Ho sempre avuto questo desiderio fin da ragazzina solo che l’ho tenuto chiuso in un cassetto dai tempi del liceo. Ho iniziato a fare l’attrice è vero ma per me questo ruolo e quello di regista erano due lati della stessa medaglia, invece iniziando a dirigere il mio primo film mi sono resa conto che si tratta di mestieri molto distanti uno dall’altro. Dirigere Vita Da Grandi è stato complesso, come molte cose nella vita. È stato soprattutto un viaggio fatto di livelli e stadi diversi in cui però non mi sono mai sentita sola. Avevo una storia dentro al cuore e sono andata da persone che sentivo potessero aiutarmi a proteggerla e a raccontarla nel migliore dei modi.
Come sei entrata in contatto con i veri protagonisti del tuo film?
Dal loro provino su Italia’s Got Talent. dopo averli visti in tv scopro che hanno scritto anche un libro, che mi ha letteralmente folgorato, sulla storia della loro vita. Ciò che mi ha intrigato, dopo avere conosciuto tutta la famiglia, sono le loro dinamiche.
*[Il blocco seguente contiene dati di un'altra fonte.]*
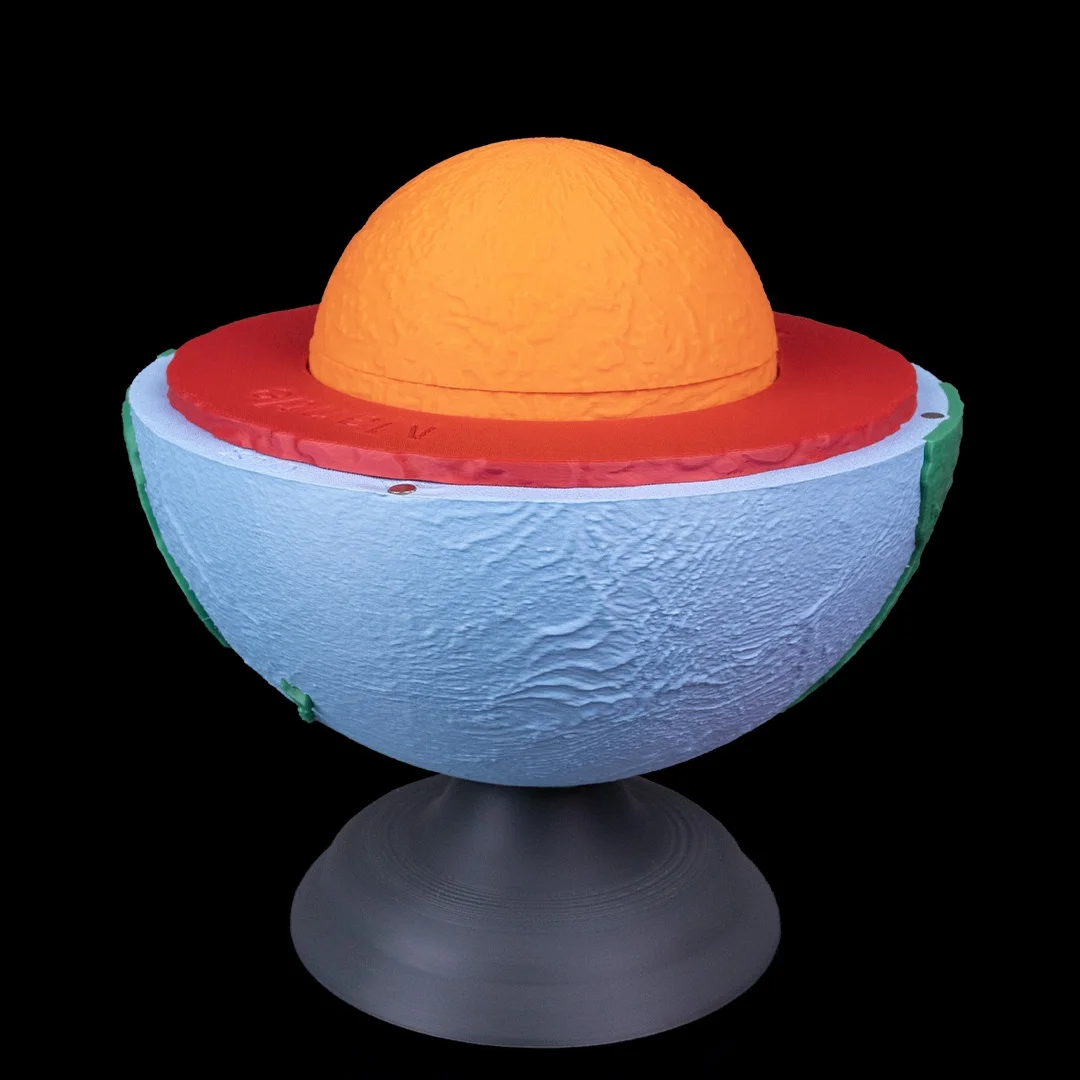 Earth layers model with the upper shell removed to expose a raised inner layer.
Ho capito di volerne fare un film quando ho capito che io per prima avrei voluto vedere la loro storia sul grande schermo. Il tema principale è l’autismo ma il film va molto oltre questa patologia. Il film infatti parla di sentimenti e di relazioni in maniera molto profonda con una chiave estremamente leggera intesa come ironica e non superficiale. È stato un lavoro di squadra fra i protagonisti veri,Damiano e Margherita Tercon e quelli cinematografici,Yuri Tucci e Matilda De Angelis . Anche solo scrivere questo film ha comportato un processo molto lungo di elaborazione fatto con le altre due sceneggiatrici, Sofia Assirelli e Titta Madia e con la produzione di Matteo Rovere con Groenlandia. Ci abbiamo messo molto soprattutto a capire dove volevamo arrivare. Sapevamo solo che volevamo raccontare la storia di due fratelli che si scoprono a vicenda nei loro limiti e nelle loro potenzialità.
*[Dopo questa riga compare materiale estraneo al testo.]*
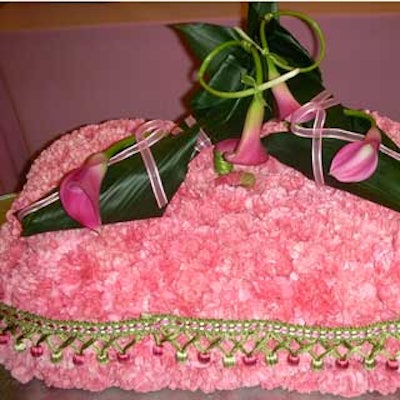 A Joy Wallace Catering Production & Design Team's in-house floral department created a replica of a pair of shoes sitting on a decorative pillow out of flowers and foliage for the 2006 Key to the Cure kickoff party.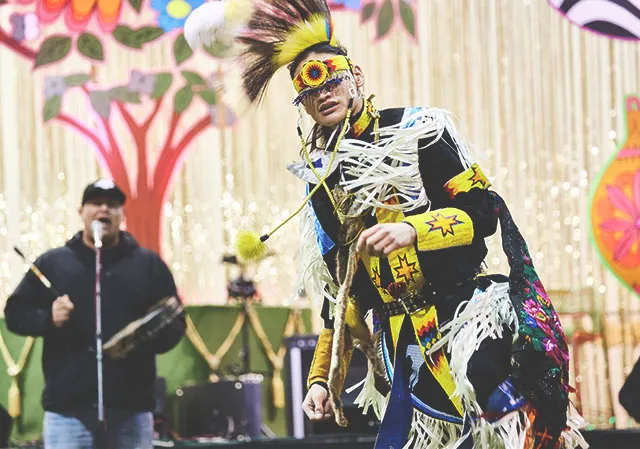 An Indigenous dancer performs during an event at the BMO Centre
Sei soddisfatta del risultato?
Io ho puntato a collaboratori che ritenevo più bravi di me e che mi hanno aiutata costantemente a rimanere sulla strada giusta. Non nascondo che c’era la possibilità di deragliare. Devo molto a Margherita, che io considero in qualche modo la seconda mamma di questo film, e a Matteo, il secondo padre, che mi ha spinto in direzione di Yuri Tucci senza metterlo mai in discussione. Purtroppo a causa della burocrazia abbiamo rischiato di perdere la preziosa collaborazione di Yuri e la produzione mi ha aiutato a superare tutti gli ostacoli. Non da meno è stato il set dove abbiamo lavorato, mi è stato concesso quello che avevo desiderato, che ha contribuito a rendere questa esperienza la più bella che potessi mai fare in sei settimane a contatto con le persone che mi ero scelta: da Matilda De Angelis, la protagonista al mio aiuto regista Maurizio Bassi, tutti hanno dato il loro contributo non solo quello strettamente professionale, illuminandomi il cammino.
Quanto ha contato la tua esperienza di attrice nel girare questo film?
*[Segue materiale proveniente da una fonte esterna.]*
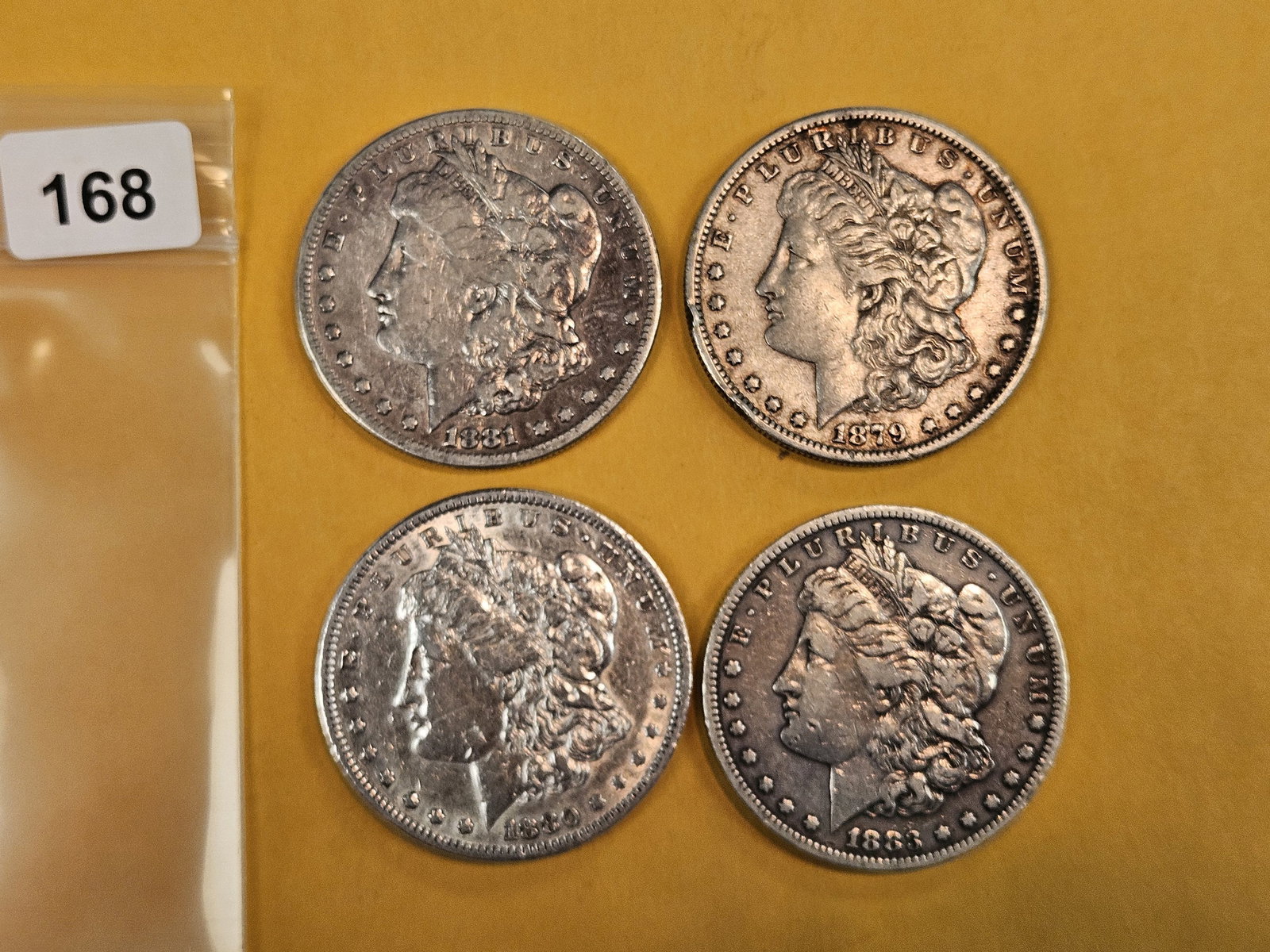 Four mixed Morgan Silver Dollars: Circulated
All’inizio non ero portata a fare movimenti di macchina bensì ad utilizzare un linguaggio un po’ più statico in cui potessi comunque dare agli attori la libertà di muoversi anche se, proprio per la mia esperienza di attrice, ho avuto molto piacere di trovare, ancor prima dei protagonisti, quali dovessero essere le loro azioni per potergli permettere di venire sul set e trovare delle situazioni, non fissate ma impostate, che dessero loro la libertà di interpretare senza pensare necessariamente se l’azione fosse necessaria a quella determinata battuta o meno.
Nella locandina emerge la garanzia che questo è “un film che vi renderà felici”. Da cosa nasce questa affermazione?
Per quanto riguarda me, e non solo, la ricerca della felicità si fonda tantissimo con il tema del diventare grandi nel senso che, diventando grandi, si rischia di smarrire i propri sogni, nel caso di Margherita e anche di Matilde il sogno è di fare l’attrice comica, ma era un sogno quasi inarrivabile e viene un po’ messo da parte per cercare di raggiungere l’obiettivo di una vita in qualche modo appagante e appagata in maniera diversa. Secondo me la felicità sta nel tenere il cassetto dei sogni aperto, come nel mio caso, dandosi la possibilità di tornare a sognare come si faceva da piccoli per poter spiccare il proprio volo.